[ceph-users] [SSD NVM FOR JOURNAL] Performance issues

2017-08-23 Thread Guilherme Steinmüller
Hello!

I recently installed INTEL SSD 400GB 750 SERIES PCIE 3.0 X4 in 3 of my OSD
nodes.

First of all, here's is an schema describing how my cluster is:

[image: Imagem inline 1]

[image: Imagem inline 2]

I primarily use my ceph as a beckend for OpenStack nova, glance, swift and
cinder. My crushmap is configured to have rulesets for SAS disks, SATA
disks and another ruleset that resides in HPE nodes using SATA disks too.

Before installing the new journal in HPE nodes, i was using one of the
disks that today are OSDs (osd.35, osd.34 and osd.33). After upgrading the
journal, i noticed that a dd command writing 1gb blocks in openstack nova
instances doubled the throughput but the value expected was actually 400%
or 500% since in the Dell nodes that we have another nova pool the
throughput is around this value.

Here is a demonstration of the scenario and the difference in performance
between Dell nodes and HPE nodes:



Scenario:


   -Using pools to store instance disks for OpenStack


   - Pool nova in "ruleset SAS" placed on c4-osd201, c4-osd202 and
   c4-osd203 with 5 osds per hosts


   - Pool nova_hpedl180 in "ruleset NOVA_HPEDL180" placed on c4-osd204,
   c4-osd205, c4-osd206 with 3 osds per hosts


   - Every OSD has one partition of 35GB in a INTEL SSD 400GB 750
   SERIES PCIE 3.0 X4


   - Internal link for cluster and public network of 10Gbps


   - Deployment via ceph-ansible. Same configuration define in ansible
   for every host on cluster



*Instance on pool nova in ruleset SAS:*


   # dd if=/dev/zero of=/mnt/bench bs=1G count=1 oflag=direct
   1+0 records in
   1+0 records out
   1073741824 bytes (1.1 GB, 1.0 GiB) copied, 2.56255 s, 419 MB/s


*Instance on pool nova in ruleset NOVA_HPEDL180:*

 #  dd if=/dev/zero of=/mnt/bench bs=1G count=1 oflag=direct
 1+0 records in
 1+0 records out
 1073741824 bytes (1.1 GB, 1.0 GiB) copied, 11.8243 s, 90.8 MB/s


I made some FIO benchmarks as suggested by Sebastien (
https://www.sebastien-han.fr/blog/2014/10/10/ceph-how-to-
test-if-your-ssd-is-suitable-as-a-journal-device/ ) and the command with 1
job returned me about 180MB/s of throughput in recently installed nodes
(HPE nodes). I made some hdparm benchmark in all SSDs and everything seems
normal.


I can't see what is causing this difference of throughput since the network
is not a problem and i think that cpu and memory are not crucial since i
was monitoring the cluster with atop command and i didn't notice saturation
of resources. My only though is that I have less workload in nova_hpedl180
pool in HPE nodes and less disks per node and this ca influence in the
throughput of the journal.


Any clue about what is missing or what is happening?

Thanks in advance.
___
ceph-users mailing list
ceph-users@lists.ceph.com
http://lists.ceph.com/listinfo.cgi/ceph-users-ceph.com


Re: [ceph-users] [SSD NVM FOR JOURNAL] Performance issues

2017-08-24 Thread Guilherme Steinmüller
Hello Christian.

First of all, thanks for your considerations, I really appreciate it.

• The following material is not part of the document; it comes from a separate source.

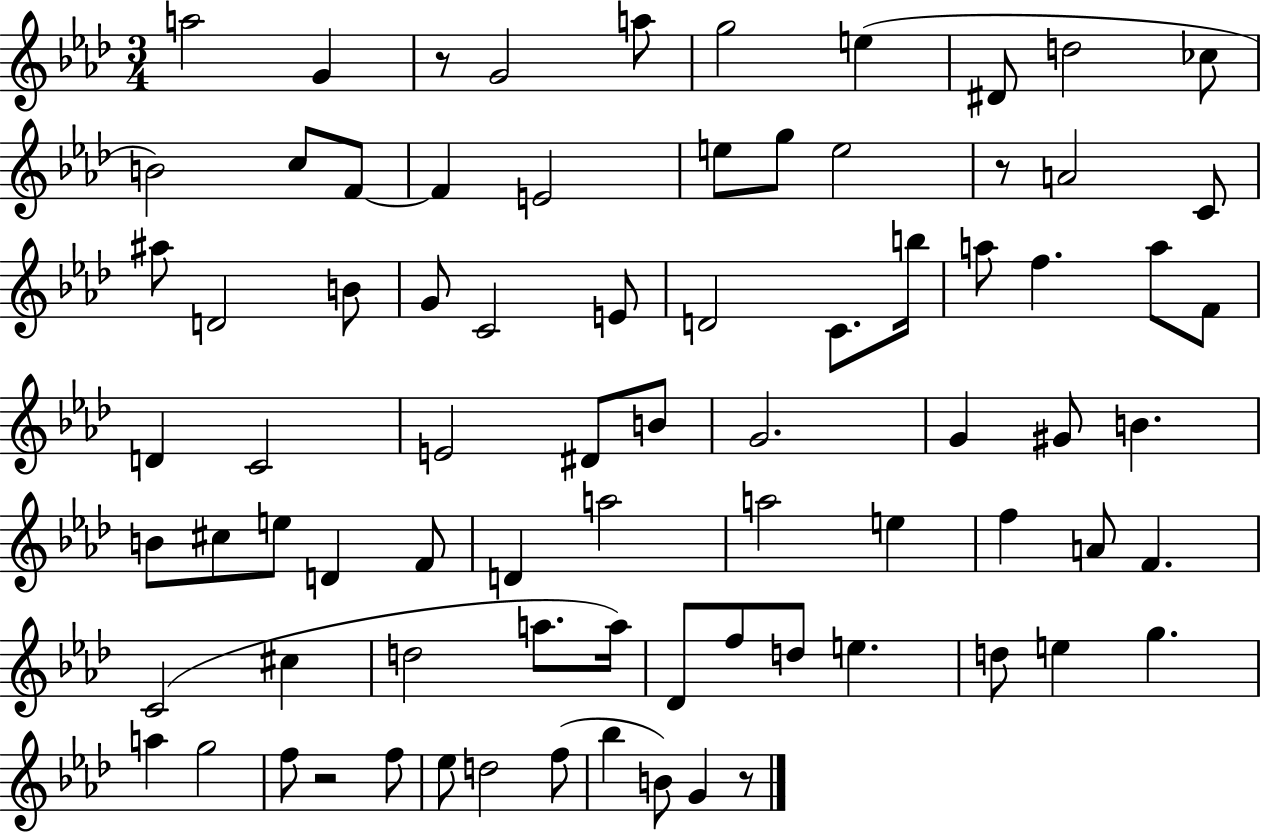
A5/h G4/q R/e G4/h A5/e G5/h E5/q D#4/e D5/h CES5/e B4/h C5/e F4/e F4/q E4/h E5/e G5/e E5/h R/e A4/h C4/e A#5/e D4/h B4/e G4/e C4/h E4/e D4/h C4/e. B5/s A5/e F5/q. A5/e F4/e D4/q C4/h E4/h D#4/e B4/e G4/h. G4/q G#4/e B4/q. B4/e C#5/e E5/e D4/q F4/e D4/q A5/h A5/h E5/q F5/q A4/e F4/q. C4/h C#5/q D5/h A5/e. A5/s Db4/e F5/e D5/e E5/q. D5/e E5/q G5/q. A5/q G5/h F5/e R/h F5/e Eb5/e D5/h F5/e Bb5/q B4/e G4/q R/e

2017-08-23 21:34 GMT-03:00 Christian Balzer :

>
> Hello,
>
> On Wed, 23 Aug 2017 09:11:18 -0300 Guilherme Steinmüller wrote:
>
> > Hello!
> >
> > I recently installed INTEL SSD 400GB 750 SERIES PCIE 3.0 X4 in 3 of my
> OSD
> > nodes.
> >
> Well, you know what's coming now, don't you?
>
> That's a consumer device, with 70GB writes per day endurance.
> unless you're essentially having a read-only cluster, you're throwing away
> money.
>

Yes, we knew that we were going to buy a consumer device due to our limited
budget and our objective of constructing a small plan of a production
cloud. This model seemed acceptable. It was the top list of the consumer
models on Sebastien's benchmarks

We are a lab that depends on different budget sources to accquire
equipments, so they can vary and most of the time we are limited by
different budget ranges.

>
> > First of all, here's is an schema describing how my cluster is:
> >
> > [image: Imagem inline 1]
> >
> > [image: Imagem inline 2]
> >
> > I primarily use my ceph as a beckend for OpenStack nova, glance, swift
> and
> > cinder. My crushmap is configured to have rulesets for SAS disks, SATA
> > disks and another ruleset that resides in HPE nodes using SATA disks too.
> >
> > Before installing the new journal in HPE nodes, i was using one of the
> > disks that today are OSDs (osd.35, osd.34 and osd.33). After upgrading
> the
> > journal, i noticed that a dd command writing 1gb blocks in openstack nova
> > instances doubled the throughput but the value expected was actually 400%
> > or 500% since in the Dell nodes that we have another nova pool the
> > throughput is around this value.
> >
> Apples, oranges and bananas.
> You're comparing different HW (and no, I'm not going to look this up)
> which may or may not have vastly different capabilities (like HW cache),
> RAM and (unlikely relevant) CPU.
>


Indeed, we took this into account. The HP server were cheaper and have a
poor configuration due that limited budget source.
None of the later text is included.